= Information supplied =
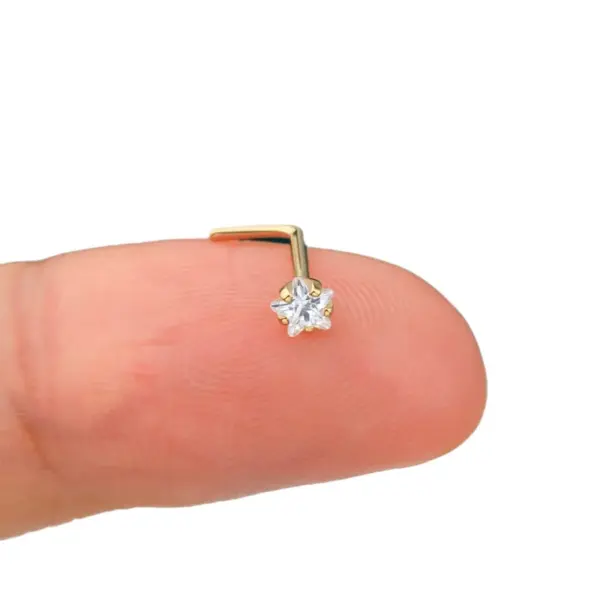 Wholesale Pure Silver 925L Bar Five-Pointed Star Zircon Nose Studs Piercing Fashionable Western Nose Rings For Women Wedding Birthday
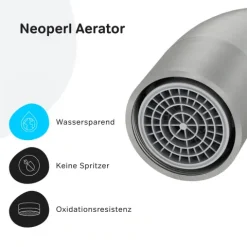 AM.PM Küchenarmatur um 360 Grad drehbar, Küchenarmatur mit Einhebelmischer Hoher Auslauf F85B02711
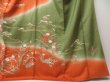 Photo6: 2105T01z1020  Japanese Kimono Silk TSUKESAGE Flowers Orangered (6)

= Aim of the exercise =
Drop the pictures and set down the data above exactly.

= Response =
 Wholesale Pure Silver 925L Bar Five-Pointed Star Zircon Nose Studs Piercing Fashionable Western Nose Rings For Women Wedding Birthday
 AM.PM Küchenarmatur um 360 Grad drehbar, Küchenarmatur mit Einhebelmischer Hoher Auslauf F85B02711
 Photo6: 2105T01z1020  Japanese Kimono Silk TSUKESAGE Flowers Orangered (6)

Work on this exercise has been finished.